#### DESCRIPTION OF THE TASK:
What you return should be every line below, word for word, and none of the images.

#### RECORDED DATA:
----------
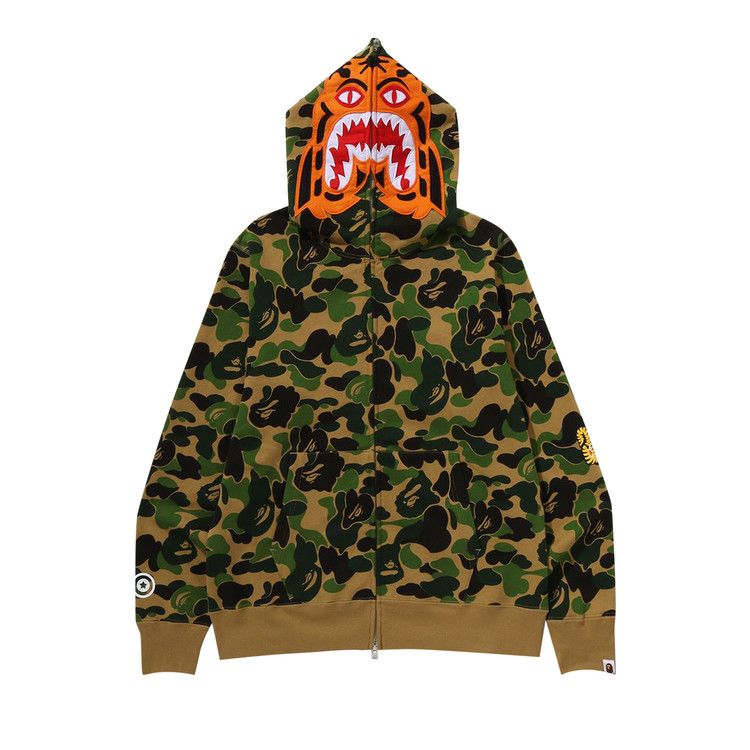 Худи BAPE Camo Tiger Full Zip Hoodie, Green
Худи BAPE Camo Tiger Full Zip Hoodie, Green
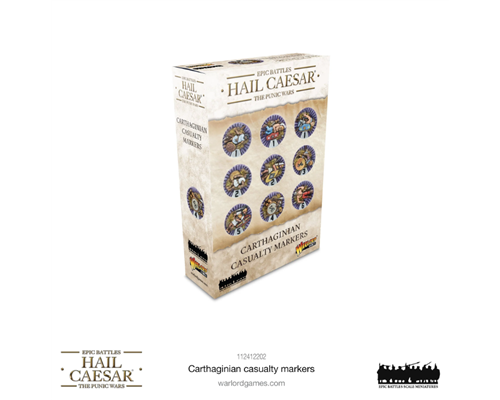 Hail Caesar Epic Battles: Carthaginian Casualty Markers - EN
----------
#### EXPECTED OUTPUT:
 Худи BAPE Camo Tiger Full Zip Hoodie, Green
Худи BAPE Camo Tiger Full Zip Hoodie, Green
 Hail Caesar Epic Battles: Carthaginian Casualty Markers - EN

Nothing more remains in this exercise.